With the other sport that I studiously follow – boxing – it too has also had to grapple with the issue of mortality. The death of Dundee boxer, Mike Towell, has once again thrust a spotlight on the sport in a way that is always unwelcome. It is a pugilistic art that requires people to try and hurt each other – at least in football that can usually only be an unfortunate by product of over zealous defending.
It was with this in mind that I saw the report of Queen’s Park 1-0 win against East Fife at the weekend. Their intrepid reporter mentioned the following “Looking down from the Press benches, everything seemed as normal. It was only when you turned and looked towards the Millennium Lounge that you realised there was something missing.
The remarkable Ivy Riddell has followed the Spiders for more than 70 years. As she entered her 90s, three years ago, she was still travelling around the country to watch her team.
That dedication meant we already knew we would never see her likes again; her sad passing this week means we will not even have the pleasure of seeing the lady herself again.”
Now sad that I may be but I do trawl through all the SPFL lower league websites on a regular basis. Whilst those websites in the upper echelons of the game have much news about international signings, why they can’t get past the qualifying stages of their European adventures or justifications over the latest set of accounts, the lower leagues often have simpler fare. Their websites, often run by volunteers often have longer match reports, more in depth – almost – supportive articles and opportunities to delve into the fan base in a very positive manner. This was just such an example of how the club, through its fans were embracing its fans.
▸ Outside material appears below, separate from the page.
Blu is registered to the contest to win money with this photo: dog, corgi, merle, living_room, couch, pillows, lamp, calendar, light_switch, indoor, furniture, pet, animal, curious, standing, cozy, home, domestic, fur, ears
Of course there are many Mrs Riddell’s at many SPFL grounds throughout Scotland – including in the Premiership. Their passion for their club often not matched by their club’s insistence they are a business. The core and heart of their livelihood comes though with keeping Mrs Riddell in her seat; and by the way the product on the park is not what keeps her coming back. Had that been the case then at some point during the demise of their fortunes which by the late 19th Century, just a few decades before her birth, saw them start to stumble and fall from being cup winners. We are all fed on past glories and the desire to emulate them. I am sure Mrs Riddell would have turned her back had she felt the product did not match her or her wiser and older supporter’s ambitions.
The answer to keeping supporters in our seats – in the stands and on the buses – is, I believe, far more complex and difficult than could be imagined by those who lack sufficient imagination to grasp what needs to be done to save the game. Mrs Liddell shall be laid to rest on the 21st October 2016. Our game continues to breathe life into fallacies that we only need to find a magic formula and not just listen to those whose seats are still warm from the joys and despair of following our community on the park. RIP Mrs Ivy Liddell.